Mad Max: Fury Road (2015)

4/4 stars

The Mad Max series continues to improve with each passing entry. The first film was little more than a bit of roughneck ozploitation and lacked the sense of good fun that characterized the sequels. As the films have come along director George Miller hones his skill framing sustained sequences of nonstop action and in Fury Road he has brought his craft to perfection.

Mad Max: Fury Road is essentially a two hour chase picture; simply plotted and finely choreographed. Nonstop action can be quite dull in a lot of movies, but this movie has such brilliantly tuned pacing that my investment in its story never became fatigued. It takes a fine hand to make movies like this so good and this is one of the best of its kind; proudly standing among Terminator 2 or Aliens as one of the greatest action movies ever made.

The movie sees Mad Max (played by Tom Hardy replacing Mel Gibson) run afoul of a gang of bandits who take him prisoner to their Citadel, a massive canyon fortress ruled by an asthmatic albino warlord named Immortan Joe (Hugh Keays-Byrne). The ruler keeps his minions in religious awe of him and he controls access to a large reservoir of water by which he holds his subjects under his thumb. When his favored Imperator Furiosa (Charlize Theron) defects and smuggles his harem of “breeders” out of the citadel Max is dragged along as Immortan goes after her to get them back. While on the chase Max is handcuffed to one of Immortan’s feral soldiers named Nux (Nicholas Hoult). In the ensuing battle Max escapes his captors along with Nux as an unwanted addition. He makes contact with the fleeing Furiosa and their relationship opens with mistrust and mismatched priorities, but then develops into a friendship and an enjoined quest to bring Immortan’s escaping harem to a place of safety. The girls (Rosie Huntington-Whiteley, Zoe Kravitz, Riley Keough, Abbey Lee, and Courtney Eaton) are a sensual lot of macguffins whose combination of little personality and minimal attire makes them offset whatever feminist and anti-slavery themes the movie is trying to convey. There is something puerile about fantasies of “grateful” rescued women in distress that appeals to the audience, and I feel attempting to find social commentary in how these women are presented here would be dishonest. The girls are eye-candy and little else; and the “people are not property” message is best found elsewhere. If this be a serious flaw, it is a flaw that is participated in by its actresses and its being a testosterone-fueled action romp. And perhaps it can be forgiven. Fury Road makes up for it with a tight camaraderie between its three central heroes and a highly entertaining narrative that marries road pictures (an under-acknowledged genre) with riveting special effects and action. The film is more escapist than philosophical and works perfectly on that level.
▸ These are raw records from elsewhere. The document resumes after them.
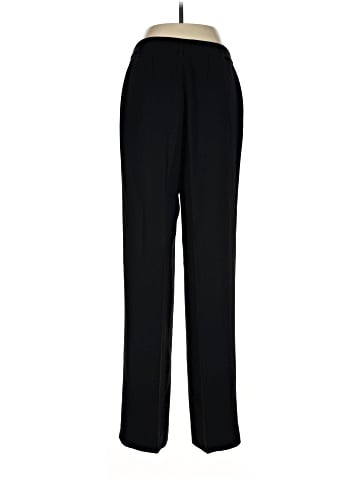 Ellen Tracy Dress Pants (view 2)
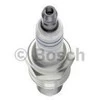 BOSCH uždegimo žvakė 0241260508 OEN98079-59840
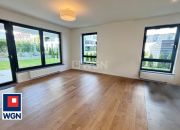 Szczecin Centrum, 5 500 zł, 70 m2, z garażem miniaturka 6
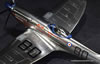 Fujimi 1/72 Spitfire Mk.XIVe by John Miller: Image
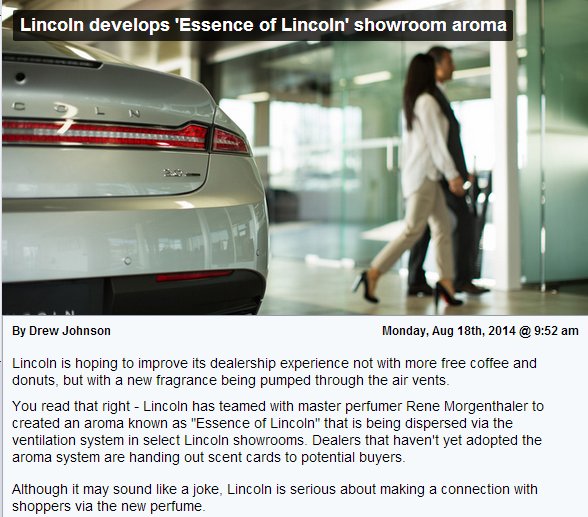 LuxeCollision's tweet image. #CoolantSystems #ExpertColorMatching #FremontFrameAlignment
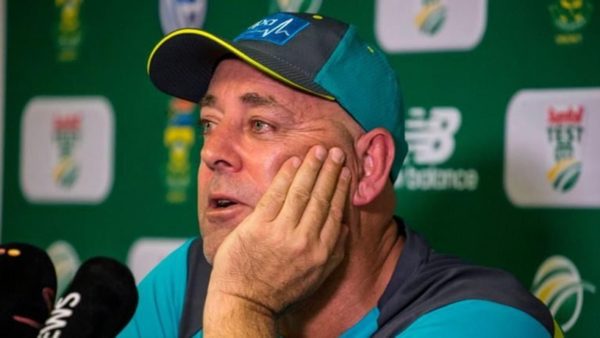 darren-lehmann-australia-head-coach.Click to read full article.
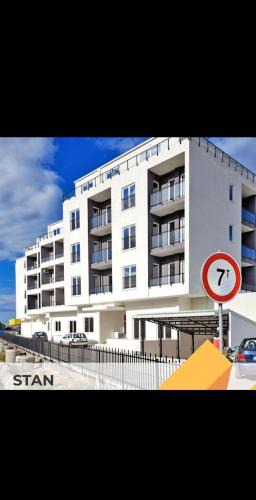 Burtaisi Apartment | Azure Coast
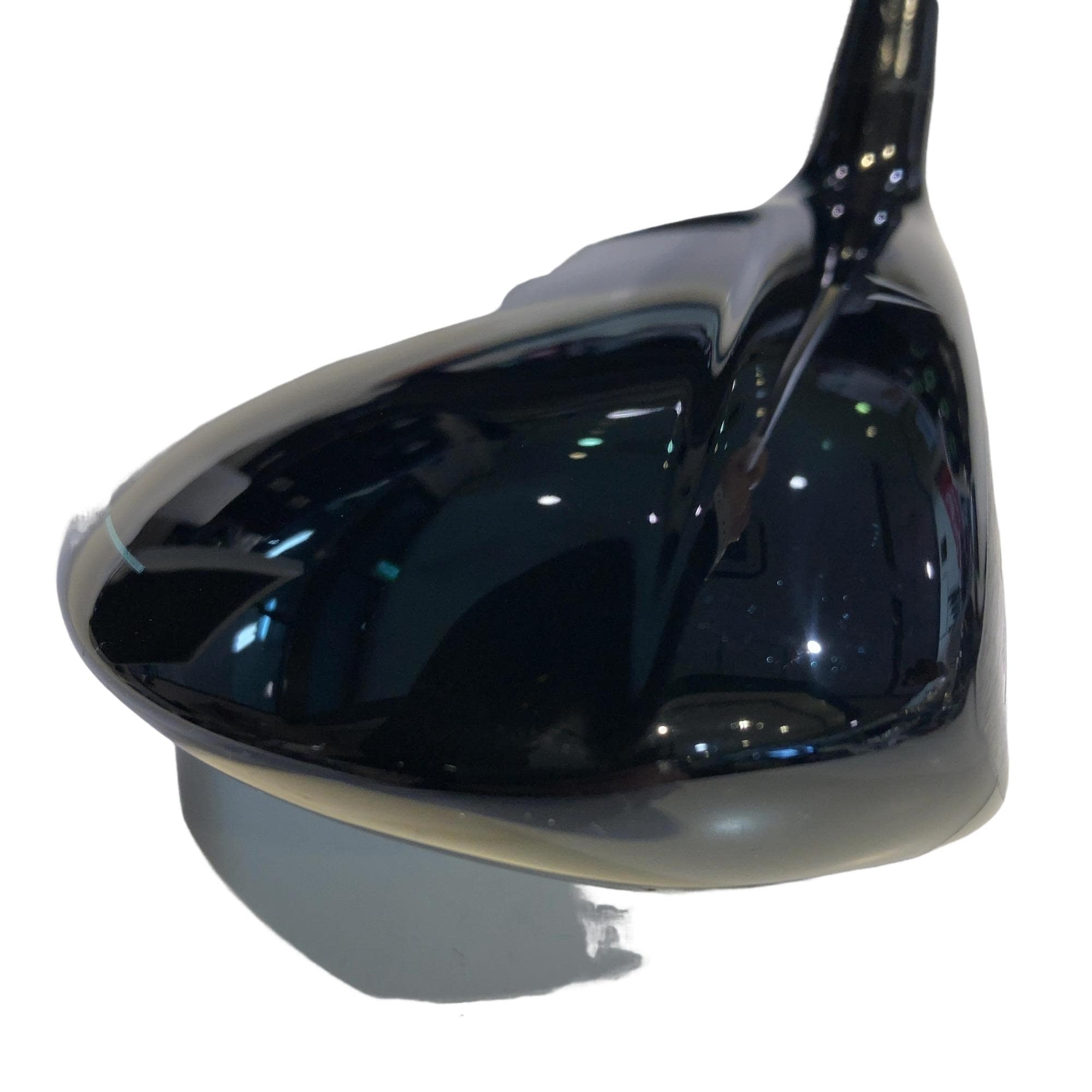 �w�w�h�n�i�Q�O�Q�S�j�@�������@�T�v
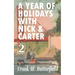 A Year of Holidays with Nick & Carter: Volume 2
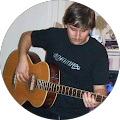 Avatar de Guillaume.e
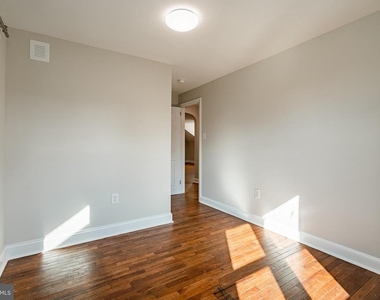 222 3rd Avenue - Photo Thumbnail 20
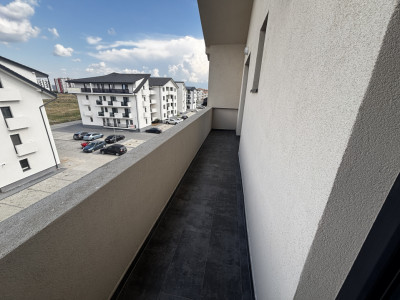 Apartamente de inchiriat Sibiu Doamna Stanca imagine mica 8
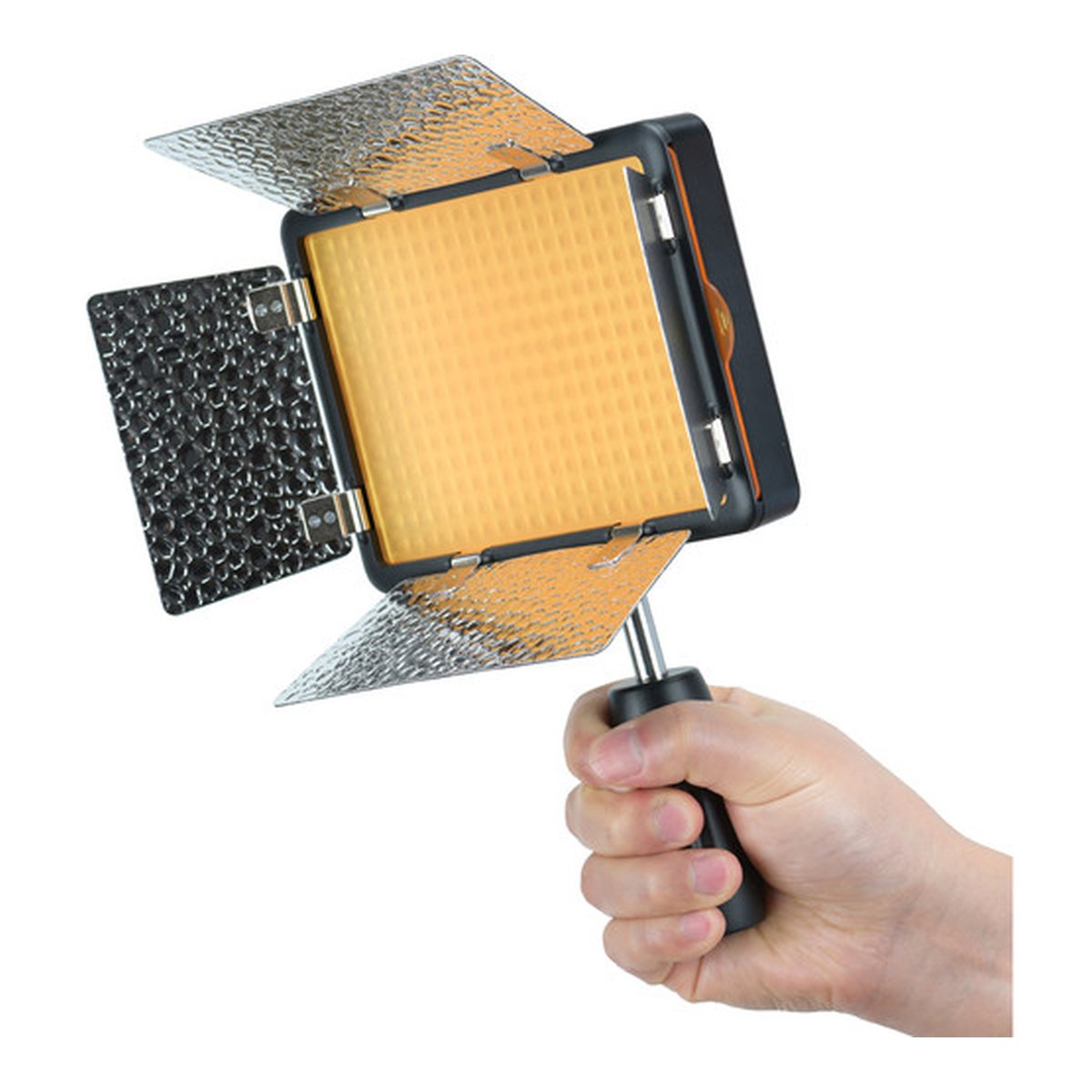 Godox Led LF308D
The car chase which makes up the majority of the film’s runtime is a spectacle of blood, dust, chrome, booming voices, and good old-fashioned grit. Barely a scene goes by without burning rubber and blowing sand. It’s an aggressive escapade of rust, gasoline, battered metal, and roaring engines. The film is high on bravado and violent energy. It’s post-nuke desert landscape creates a visually arresting palette of reds and yellows while its kinetic pace never stoops to repetition. The use of color in Fury Road is essential to its aesthetic and I can only look at the black-and-white version that was released as a meritless gimmick that fails to understand the proper uses of black-and-white and what it is for. This movie along with Logan (another great picture bastardized with a black-and white version) was made with color in mind and is best seen that way.

Tom Hardy, in a role requiring minimal dialogue, fills Max’s shoes well enough; but he doesn’t quite have the charismatic appeal of Gibson and Miller made the right choice in making Furiosa the film’s main perspective throughout the majority of it. Hardy is left to do the physical gruntwork of the Max character without talking too much to make the recast uncomfortably stand out.
While I would have been happy to see Mel Gibson take on the role again as an older Max, Fury Road still remains, to my mind, the best of the Mad Max series. Miller tried with the first one and succeeded with the next two. With this one, he perfected.